* WHAT YOU ARE ASKED TO DO
Which lines of the entries contain the string "Volvo"? Please find them and copy them.

[Short descriptive text snippets]
▽

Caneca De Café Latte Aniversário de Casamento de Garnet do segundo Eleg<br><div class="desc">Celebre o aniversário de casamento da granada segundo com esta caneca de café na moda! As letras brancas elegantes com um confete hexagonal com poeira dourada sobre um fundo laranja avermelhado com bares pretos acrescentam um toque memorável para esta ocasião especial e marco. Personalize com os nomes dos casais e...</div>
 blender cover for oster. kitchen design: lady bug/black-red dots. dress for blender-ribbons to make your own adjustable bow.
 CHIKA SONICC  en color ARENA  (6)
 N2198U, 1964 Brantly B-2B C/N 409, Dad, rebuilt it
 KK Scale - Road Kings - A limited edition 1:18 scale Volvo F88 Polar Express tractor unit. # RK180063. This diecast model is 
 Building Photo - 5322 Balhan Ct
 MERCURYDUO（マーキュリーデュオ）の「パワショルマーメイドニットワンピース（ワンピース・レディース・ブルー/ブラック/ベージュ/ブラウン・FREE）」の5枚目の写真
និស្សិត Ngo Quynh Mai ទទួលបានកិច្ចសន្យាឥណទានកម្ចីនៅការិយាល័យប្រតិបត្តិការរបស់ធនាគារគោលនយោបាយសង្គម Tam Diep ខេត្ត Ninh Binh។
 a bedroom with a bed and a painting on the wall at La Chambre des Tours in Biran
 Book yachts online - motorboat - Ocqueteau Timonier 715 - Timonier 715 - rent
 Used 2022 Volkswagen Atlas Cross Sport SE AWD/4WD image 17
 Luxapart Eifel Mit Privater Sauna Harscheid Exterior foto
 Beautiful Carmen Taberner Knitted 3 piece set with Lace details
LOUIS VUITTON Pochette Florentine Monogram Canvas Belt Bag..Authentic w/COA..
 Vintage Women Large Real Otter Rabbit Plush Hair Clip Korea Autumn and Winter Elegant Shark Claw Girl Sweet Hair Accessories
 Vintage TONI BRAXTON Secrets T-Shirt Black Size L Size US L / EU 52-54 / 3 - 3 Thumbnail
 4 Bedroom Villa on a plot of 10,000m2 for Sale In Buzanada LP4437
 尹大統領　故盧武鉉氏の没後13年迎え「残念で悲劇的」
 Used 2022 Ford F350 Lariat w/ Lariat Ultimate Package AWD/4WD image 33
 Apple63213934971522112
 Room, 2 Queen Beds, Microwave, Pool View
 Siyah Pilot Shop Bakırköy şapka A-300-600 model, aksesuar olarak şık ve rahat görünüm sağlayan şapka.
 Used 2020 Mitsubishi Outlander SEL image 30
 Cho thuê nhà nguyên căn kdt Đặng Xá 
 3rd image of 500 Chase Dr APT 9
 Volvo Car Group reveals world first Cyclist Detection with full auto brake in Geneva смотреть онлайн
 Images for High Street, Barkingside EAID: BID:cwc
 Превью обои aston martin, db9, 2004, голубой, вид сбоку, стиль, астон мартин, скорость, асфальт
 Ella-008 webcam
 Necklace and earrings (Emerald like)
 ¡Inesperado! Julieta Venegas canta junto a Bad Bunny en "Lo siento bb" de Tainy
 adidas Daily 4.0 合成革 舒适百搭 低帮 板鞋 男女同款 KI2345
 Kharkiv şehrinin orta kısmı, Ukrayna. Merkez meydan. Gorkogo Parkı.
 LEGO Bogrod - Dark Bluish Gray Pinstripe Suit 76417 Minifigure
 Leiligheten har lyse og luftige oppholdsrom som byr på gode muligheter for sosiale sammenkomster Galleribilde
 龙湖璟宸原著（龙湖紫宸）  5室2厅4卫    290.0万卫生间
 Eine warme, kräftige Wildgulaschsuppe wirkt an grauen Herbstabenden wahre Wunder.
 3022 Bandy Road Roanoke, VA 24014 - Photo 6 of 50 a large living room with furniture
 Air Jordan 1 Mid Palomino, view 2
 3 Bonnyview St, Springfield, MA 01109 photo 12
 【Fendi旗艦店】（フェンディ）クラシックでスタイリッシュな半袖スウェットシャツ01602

△

* TASK RESULT
 KK Scale - Road Kings - A limited edition 1:18 scale Volvo F88 Polar Express tractor unit. # RK180063. This diecast model is 
 Volvo Car Group reveals world first Cyclist Detection with full auto brake in Geneva смотреть онлайн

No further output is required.